NAN SOOK LEE, BANGHUA SUN^*, RODNEY WILLIAMSON, NIKI GUNKEL, PAUL M. SALVATERRA^* and JOHN J. ROSSI¹

Department of Molecular Biology,
^* Division of Neurosciences,
Division of Biology, Beckman Research Institute of the City of Hope, Duarte, California 91010, USA; and
Forschung Biochemie, Aventis Crop Science, 65926 Frankfurt, Germany

¹Correspondence: Department of Molecular Biology and Graduate School of Biological Sciences, Beckman Research Institute of the City of Hope, 1450 E. Duarte Rd., Duarte, CA 91010, USA. E-mail: jrossi{at}coh.org

The effectiveness of catalytic RNAs (ribozymes) should be increased when they are colocalized to the same intracellular compartment as their RNA targets. We colocalized ribozymes with their mRNA targets in an animal model by using the discrete RNA localization signals present in the 3' untranslated regions (UTRs) of Drosophila bicoid and oskar mRNAs. These signals have been fused to a lacZ mRNA target and hammerhead ribozymes targeted against lacZ. Ribozyme efficacy was first assessed by an oligodeoxyribonucleotide-based assay to identify the most accessible sites for ribozyme interaction on native lacZ transcripts in ovary extracts. The most accessible sequence was used for the design and in vivo testing of a hammerhead ribozyme.
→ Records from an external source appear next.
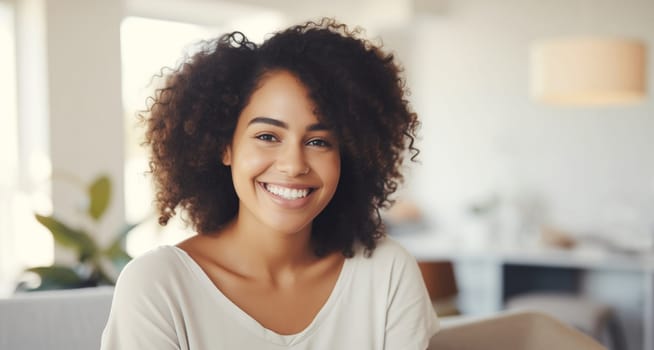 Portrait of beautiful happy smiling young woman looking at camera in white room at home, toothy smile, curly hair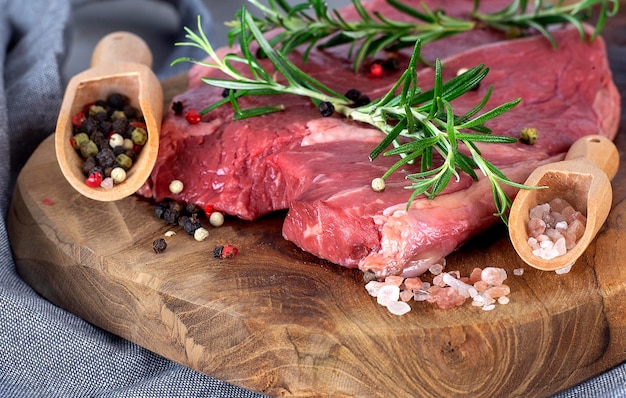 Raw beef meat on a wooden cutting board with pepper and salt on wooden spoon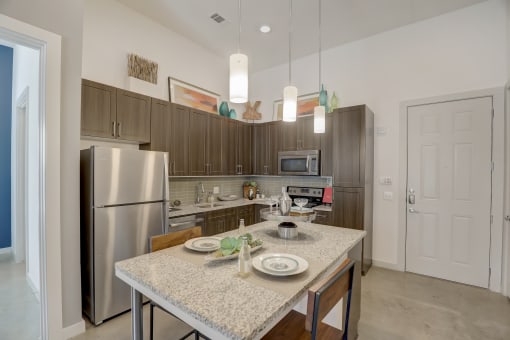 a kitchen with stainless steel appliances and a granite counter top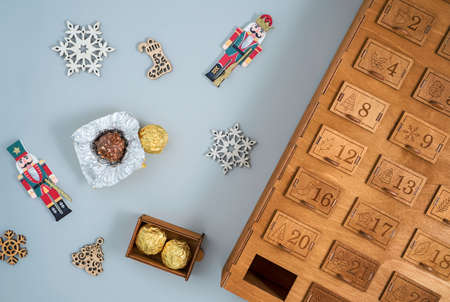 wooden advent calendar with sweets and wood decorations on the treeの写真素材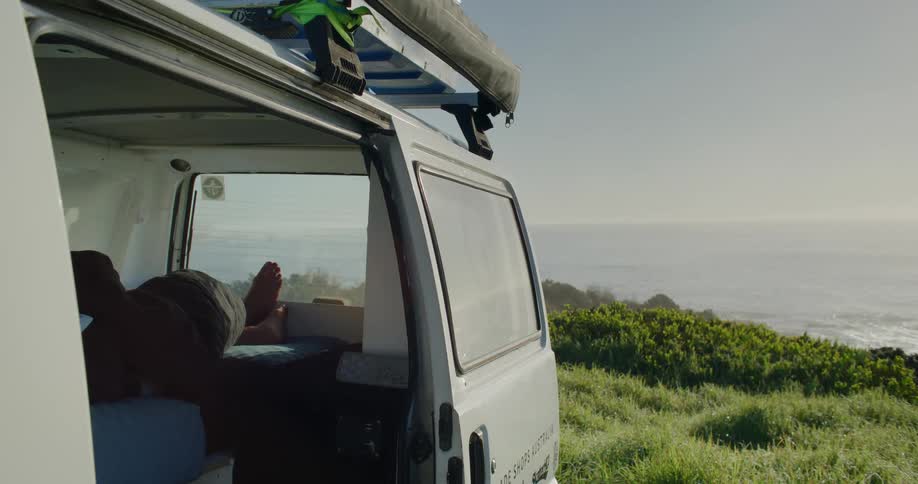 A person is sleeping in the van by the shore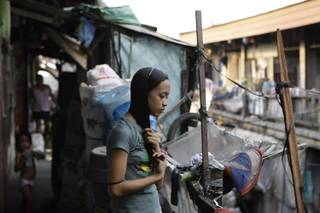 In this photo taken Dec. 4, 2012, Filipino slum dweller Jessa Balote holds her hair outside her cramped home at a place called Aroma in Tondo, Manila, Philippines. Balote, who used to tag along with her family as they collect garbage at a nearby dumpsite, is a scholar at Ballet Manila's dance program. As an apprentice, she makes around 7,000 pesos ($170) a month, sometimes double that, from stipend and performance fees.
When the ribozyme and target with synonymous 3' UTRs were expressed in the same ovaries, colocalization could be indirectly demonstrated by in situ hybridization. Colocalized ribozyme and target mRNAs resulted in a two- to threefold enhancement of ribozyme function compared with noncolocalized transcripts. This study provides the first demonstration of functional ribozyme target colocalization in an animal model.—Lee, N. S., Sun, B., Williamson, R., Gunkel, N., Salvaterra, P. M., Rossi, J. J. Functional colocalization of ribozymes and target mRNAs in Drosophila oocytes.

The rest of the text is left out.